So that might be a reason not to use hash indexes tables where the worst
case insert time is a concern (the average insert time is still O(1)).
But please be aware that I answered your question 'How is it "using
math" to use a hash key?', not 'How are hash indexes in PostgreSQL
implemented?'. So my answer covered the most simple and generic
implementation.
You can split buckets lazily, and in fact PostgreSQL does this.
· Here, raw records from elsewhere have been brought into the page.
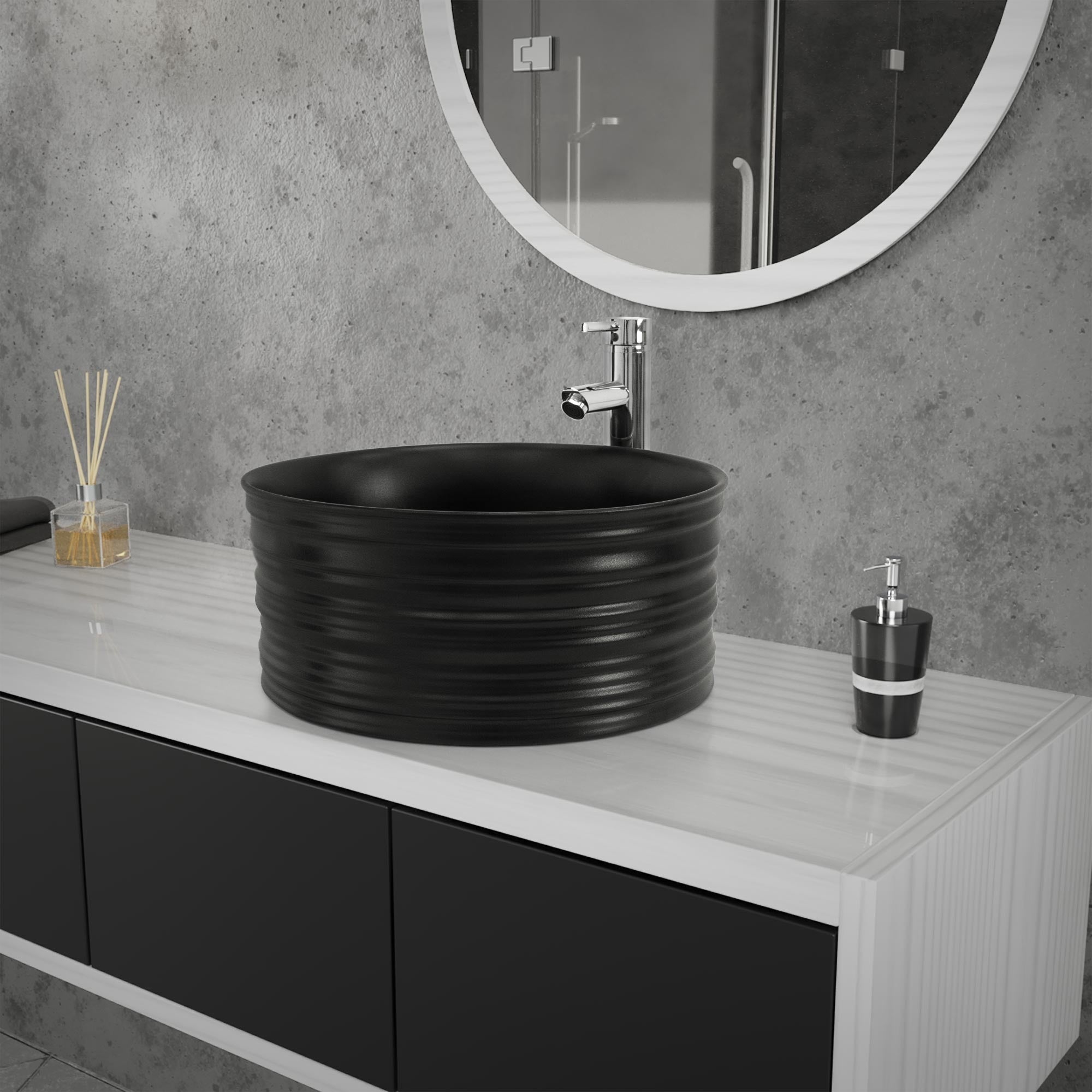 ECD Lavabo noir céramique Ø41x18 cm avec bonde sans trop-plein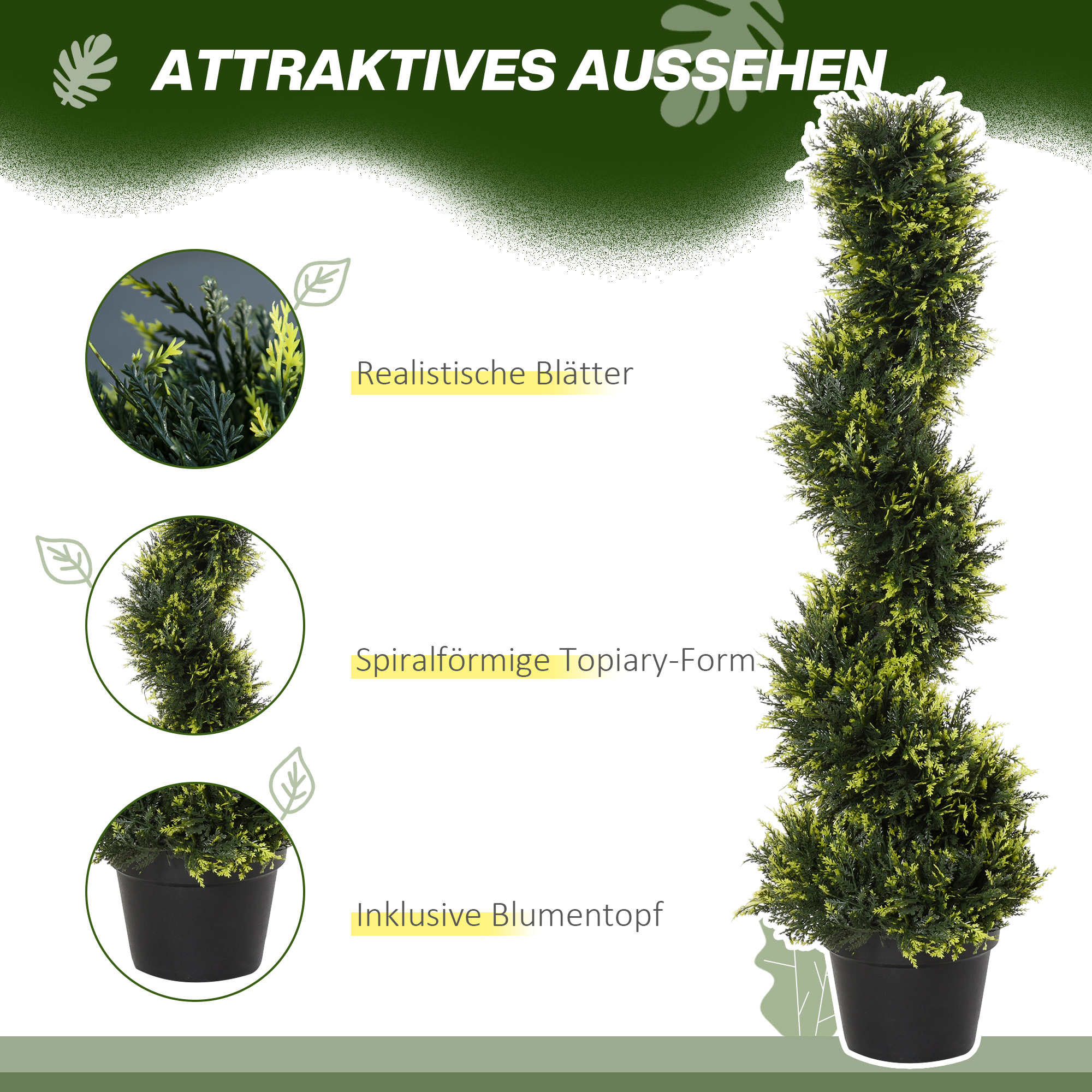Eine Spiraltopflanze in einem schwarzen Topf. Text: 'ATTRAKTIVES AUSSEHEN' und Nahaufnahmen.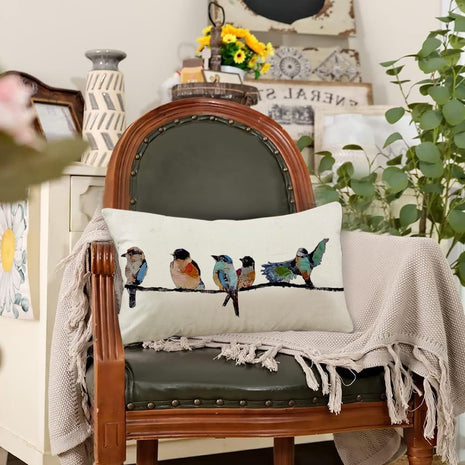 12X20 Lumbar Pillow Decorative Throw Pillows,Small Hand-Painted Outdoor Birds Pillowcases,Spring Summer Pillows Decorative Throw Cushion Covers Linen for Couch Sofa Teal Blue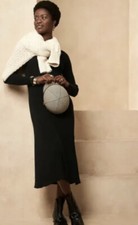 Banana Republic Ribbed V-Neck Sweater Dress M Tall Black NWT #787166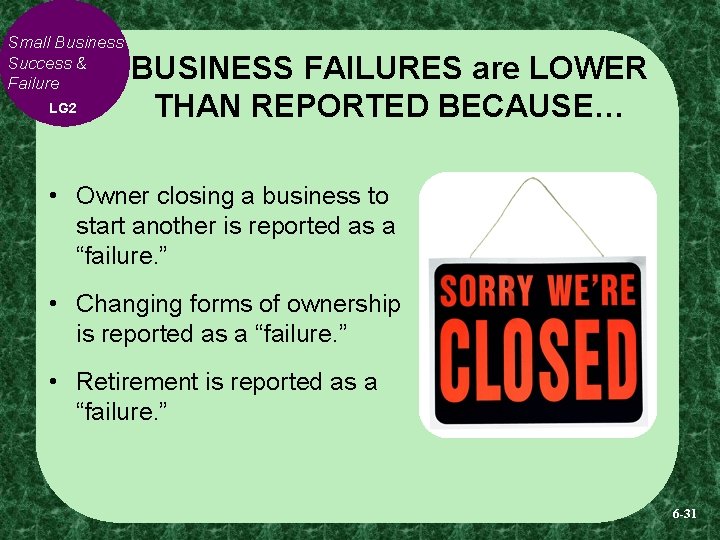 Small Business Success & Failure LG 2 BUSINESS FAILURES are LOWER THAN REPORTED BECAUSE…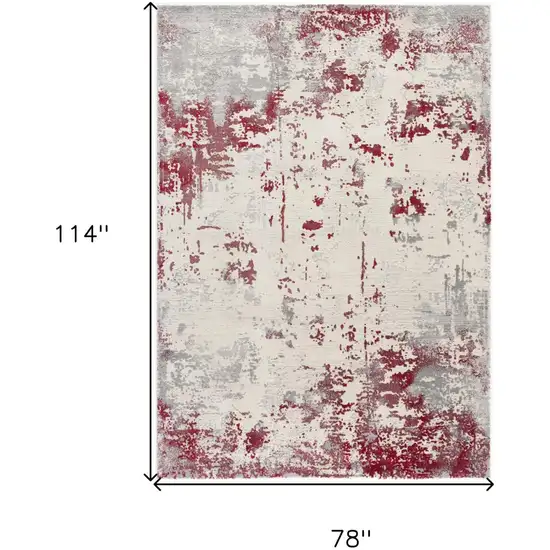 Ivory Red and Gray Abstract Area Rug Photo 8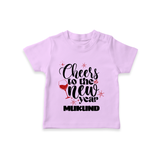 Cheers to the New Year | Personalised T-Shirt for Kids - LILAC - 0-5 Months Old (Chest 17")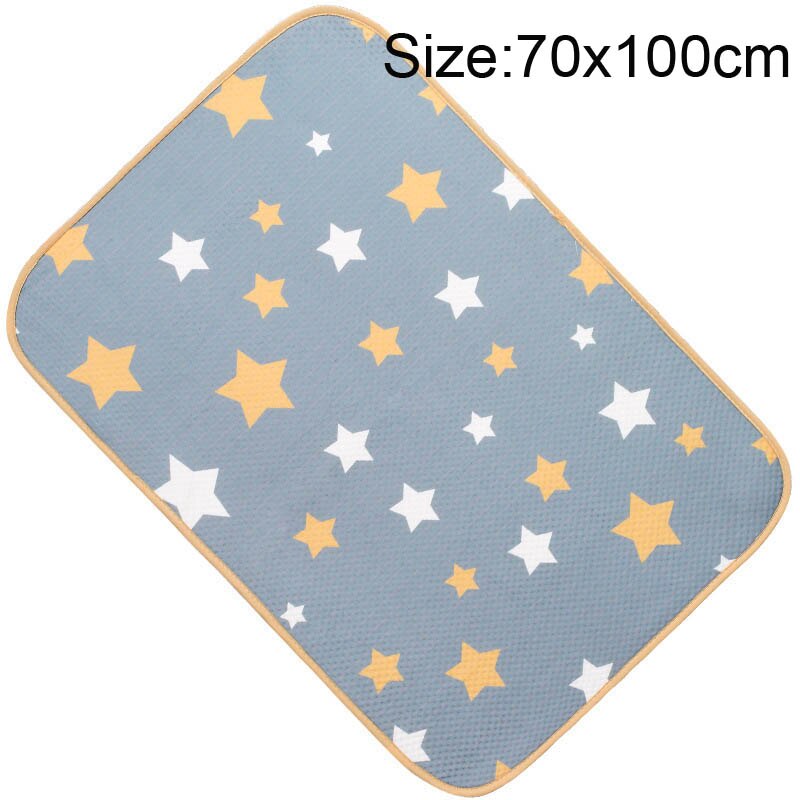 Baby Diaper Changing Pads Stroller Mat Reusable Baby Pram Mattress Newborn Waterproof Sheet: D(70x100cm)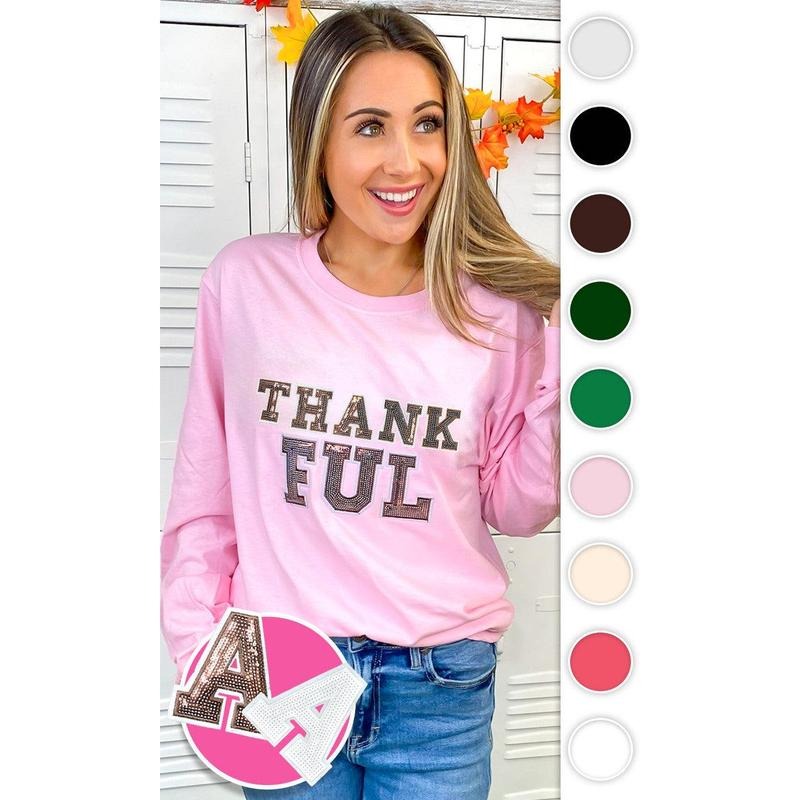 Thankful Sequin Graphic Long Sleeve T-Shirt Hoodie, Sweatshirt | UrbanDripWear.com
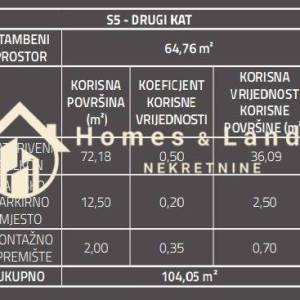 Sesvete,centar,3-soban stan 104m2(S5)na 2.katu s terasom  i parkingom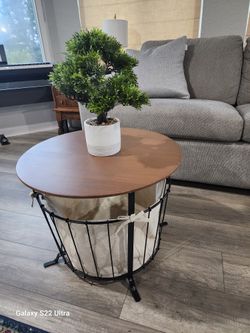 Really Nice Side Night Storage table, black/pine light brown stained, 19.5" Wide 19" High. ÄNGESBYN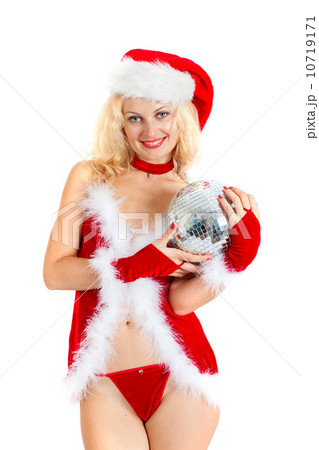 Sexy santa helper with big disco ball Sexy santa helper with big disco ball 10719171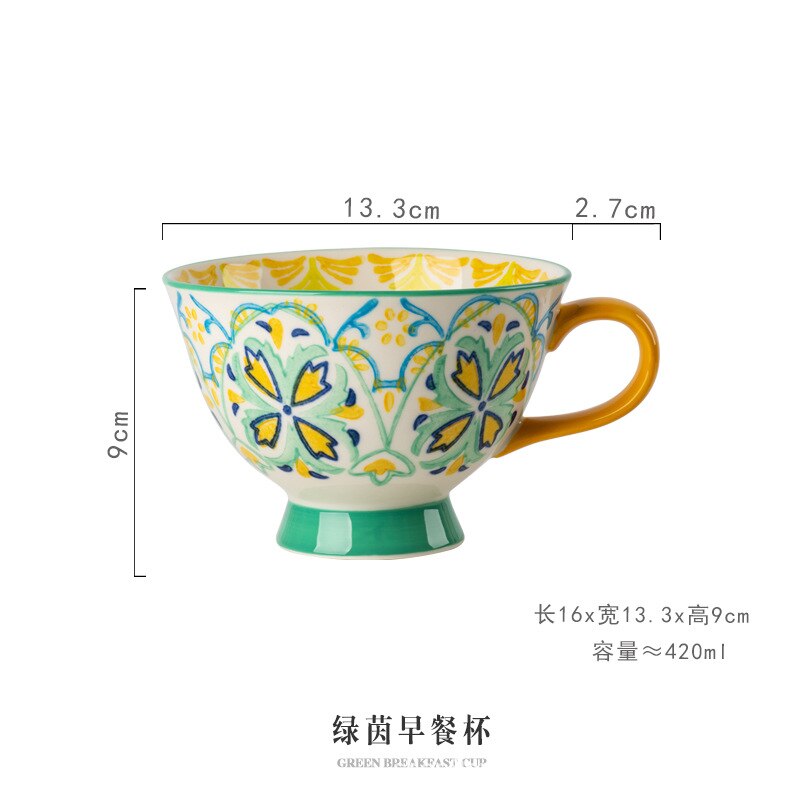 Taza de cerámica grande para desayuno, taza para leche,: A004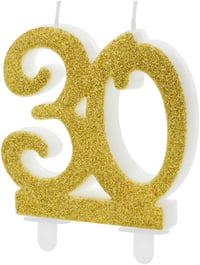 PartyDeco 30-as Szám Születésnapi Gyertya Arany Csillogó Tortadísz Sütemény Dekoráció Felnőtt Gyerek Szülinap Évforduló 1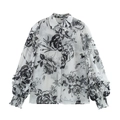 Vintage black and white print chiffon shirt with ruffled cuffs and long sleeves for women - XS / White Floral Print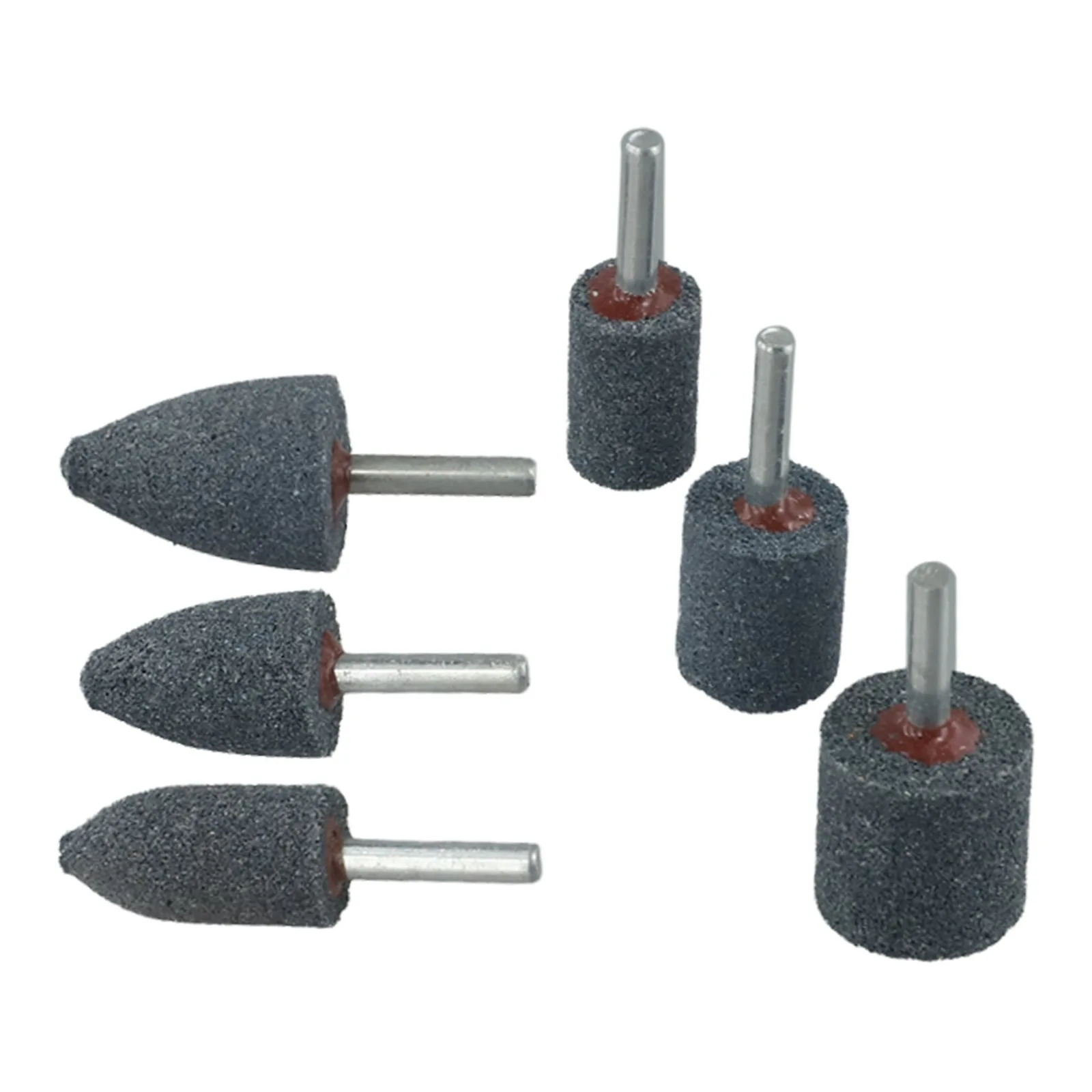 6mm Shank Cylindrical Grinding Wheel Head Set, 6pcs Corundum Mounted Stone For Rotary Tools, Abrasive Bits For Metal Polishing R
I just
looked at the code briefly, but I don't really understand how it works.
Guess I would have to read Margo Seltzer's paper paper for that.
Still, even with that optimization (or tradeoff - it may make the lookup
slower) the README notes that splits are expensive.
hp
--
_ | Peter J. Holzer | we build much bigger, better disasters now
|_|_) | | because we have much more sophisticated
| | | hjp@hjp.at | management tools.
__/ | http://www.hjp.at/ | -- Ross Anderson <https://www.edge.org/>
On 5/19/19 5:43 AM, Peter J. Holzer wrote:
[snip]
But please be aware that I answered your question 'How is it "using
math" to use a hash key?', not 'How are hash indexes in PostgreSQL
implemented?'. So my answer covered the most simple and generic
implementation.
I understand.
--
Angular momentum makes the world go 'round.
Greetings,
* David G. Johnston (david.g.johnston@gmail.com) wrote:
On Thu, May 16, 2019 at 8:31 AM Daulat Ram <Daulat.Ram@exponential.com>
wrote:url_hash | bigint | | not null |
Change the type of url_hash; make it text instead of bigint.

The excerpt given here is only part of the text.